Quanto à exceção de incompetência do Tribunal, alega a Requerida AT, em síntese, que: «segundo o artigo 10.º, n.º 2, alíneas b) e c) do RJAT, o pedido de constituição do tribunal arbitral deve identificar o ato ou actos tributários objecto do pedido de pronúncia arbitral, e o pedido de pronúncia arbitral, constituindo fundamentos deste pedido os previstos no artigo 99.º do Código de Procedimento e de Processo Tributário e, bem assim, a exposição das questões de facto e de direito objecto do referido pedido de pronúncia arbitral. Ora, decorre do Pedido de pronúncia arbitral (PPA) que a Requerente requer a constituição do Tribunal Arbitral com vista à aplicação da alínea d) do n.º 1 do artigo 8.º do Código de Imposto sobre Veículos na redação que vigorava antes da versão atual, introduzida pela Lei do Orçamento de Estado para 2021 – Lei n.º 75-B/2020, de 31 de dezembro. Sendo expressamente referido que a Requerente pretende a restituição de quantia a que alegadamente teria direito por beneficiar da taxa prevista na redação anterior da alínea d) do n.º 1 do artigo 8.º do Código de Imposto sobre Veículos (CISV). Sucedendo que o artigo 8.º do CISV, incluindo a alínea d) do n.º 1, se refere a um benefício fiscal, consagrando as designadas “Taxas intermédias”, conforme epígrafe do artigo, isenções parciais ou “reduções de taxas” nos termos do Estatuto dos Benefícios Fiscais. Pelo que, resulta clara a pretensão da Requerente, conforme formulado no PPA, já que visa unicamente o reconhecimento do direito à aplicação de taxa reduzida, ao invés da liquidação efetuada nos termos gerais, não sendo o ato decorrente da aplicação das taxas normais, que a Requerente quer, efetivamente, impugnar, antes pretendendo usufruir do benefício fiscal previsto no artigo 8.º do CISV, com o objetivo de afastar a tributação regra. Ora, tal pedido não pode, face à lei, ser submetido à presente instância arbitral pois o processo arbitral apenas abrange os atos suscetíveis de impugnação judicial, isto é, os abrangidos pelo artigo 2.º, n.º 1, do RJAT. De facto, no âmbito da competência dos tribunais arbitrais, constituídos ao abrigo do RJAT, não se inclui a possibilidade de apreciação de pedidos tendentes ao reconhecimento de direitos em matéria tributária ou de outros atos relativos a questões tributárias que não comportem a apreciação da legalidade do ato de liquidação (…)”
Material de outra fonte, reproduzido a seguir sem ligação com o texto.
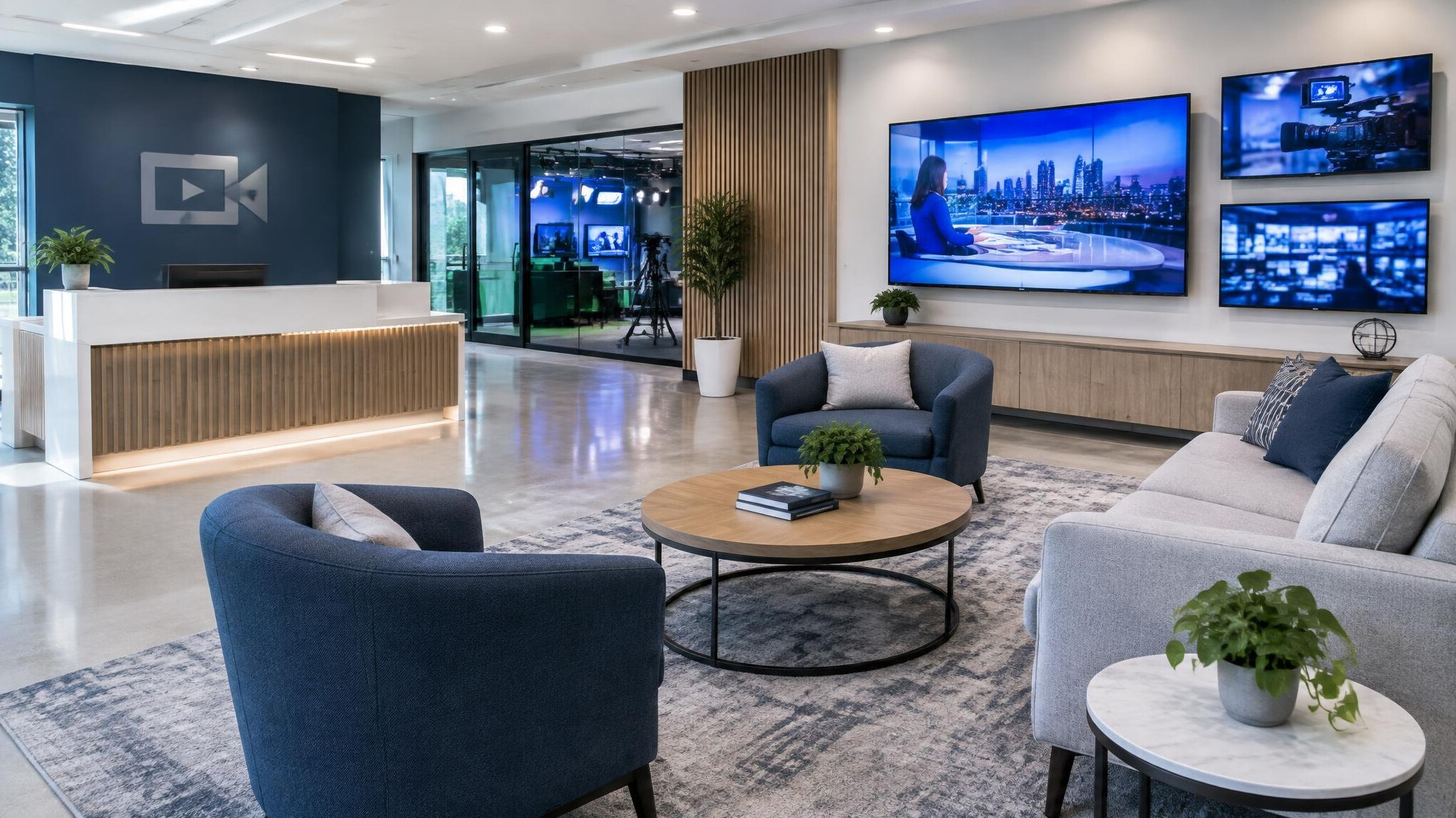 Reception area of a media training facility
Conclui a Requerida que o âmbito da jurisdição arbitral tributária ficou, assim, delimitado, em primeira linha, pelo disposto no artigo 2.º do RJAT que enuncia, no seu n.º 1, os critérios de repartição material, abrangendo a apreciação de pretensões que se dirijam à declaração de ilegalidade de atos de liquidação de tributos, pelo que, o peticionado nos presentes autos não pode ter como causa de pedir e objeto a apreciação do não reconhecimento da aplicação de uma taxa reduzida ao ato de liquidação resultante da aplicação das taxas normais (tributação regra), sob pena de ocorrer a exceção (dilatória) de incompetência material do Tribunal Arbitral. (…)»
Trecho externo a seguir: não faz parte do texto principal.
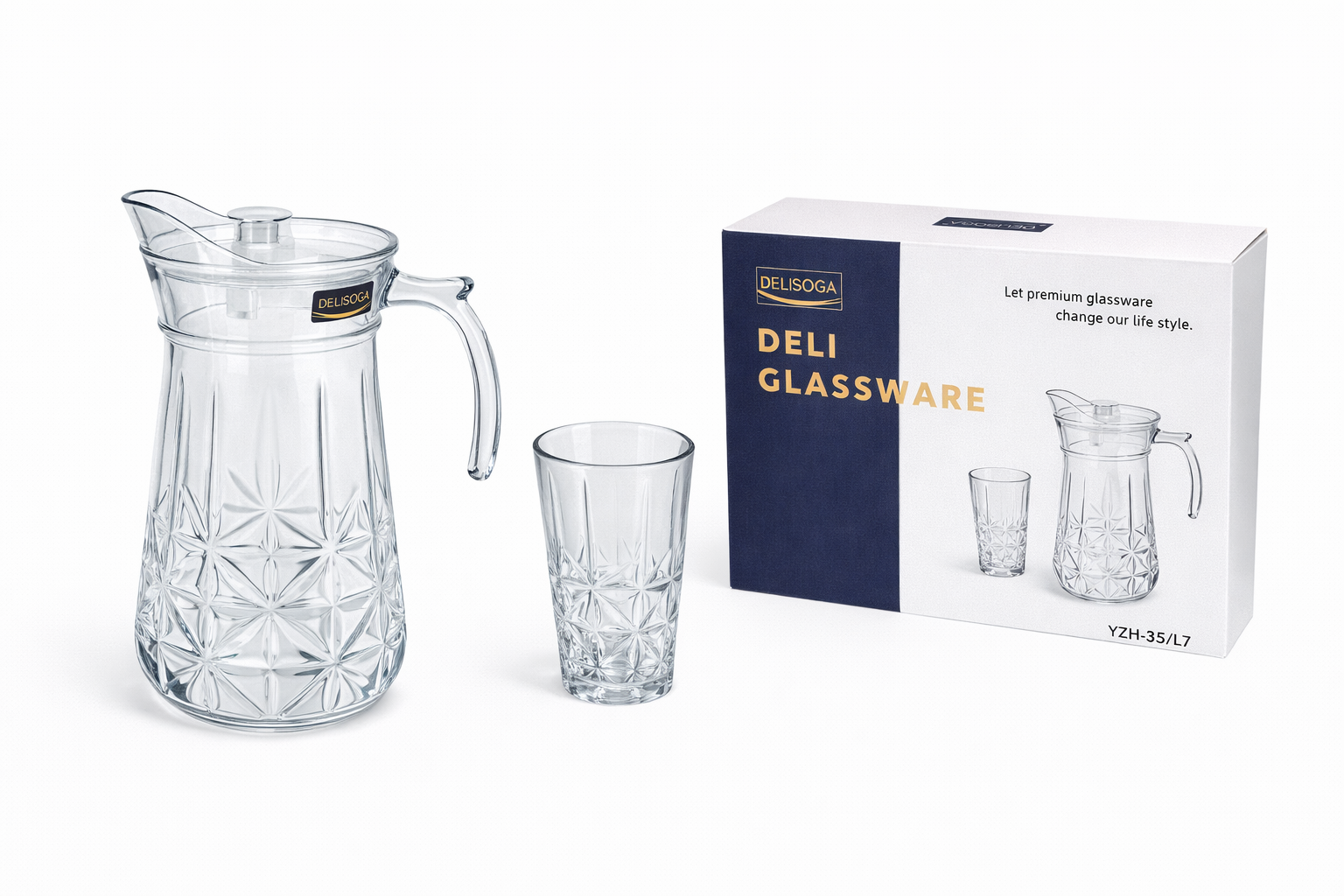 Deli Glassware - Water Jug Set with 6 Glasses 1 Jug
Assim, defende a Requerida que se verifica a existência de exceção (dilatória) consubstanciada na incompetência material deste tribunal. Acrescenta, ainda, que caso não se entenda que o Tribunal arbitral é incompetente em razão da matéria, sempre teria que ser considerada a incompetência material absoluta da instância arbitral por outra via, uma vez que como resulta do pedido formulado, pretende o Requerente que a liquidação efetuada nos termos do artigo 7.º e do artigo 11.º, n.º 1, do CISV, seja parcialmente anulada sem, contudo, invocar qualquer ilegalidade que resulte da não aplicação da lei em vigor, visando, outrossim, uma nova liquidação que aplique um benefício (redução de taxa/taxa intermédia) que nem sequer está consagrado no CISV para o veículo do Requerente, visto não preencher os requisitos previstos para o efeito. Tal pedido, independentemente, de tal benefício, previsto na alínea d) do n.º 1 do artigo 8.º do CISV, não abranger o veículo em questão, consubstancia uma exigência para que a administração tributária adote uma nova atuação em sede de liquidação do imposto, procedendo à realização de uma nova liquidação, que não a resultante da tributação regra. Sendo que a tributação regra, aplicável ao facto gerador em presença, consistente na admissão de veículo usado, de outro Estado-membro, é efetuada nos termos dos artigos 7.º e 11.º do CISV, cuja ilegalidade não vem impugnada, não obstante o Requerente pretenda a correção da liquidação, o que resulta numa contradição, pois não pode impugnar uma liquidação que pretende ver substituída. Nesse caso, o meio processual próprio face à omissão do dever de proceder à liquidação substitutiva, seria o “reconhecimento de um direito ou interesse legítimo em matéria tributária”, em conformidade com o previsto no artigo 145.º do CPPT, atribuição que não cabe no elenco das competências do tribunal arbitral, descrito no n.º 1 do artigo 2.º do RJAT, o qual se restringe, como se referiu, à declaração de ilegalidade de atos de liquidação previstos nas alíneas a) e b), isto é, à mera apreciação de legalidade.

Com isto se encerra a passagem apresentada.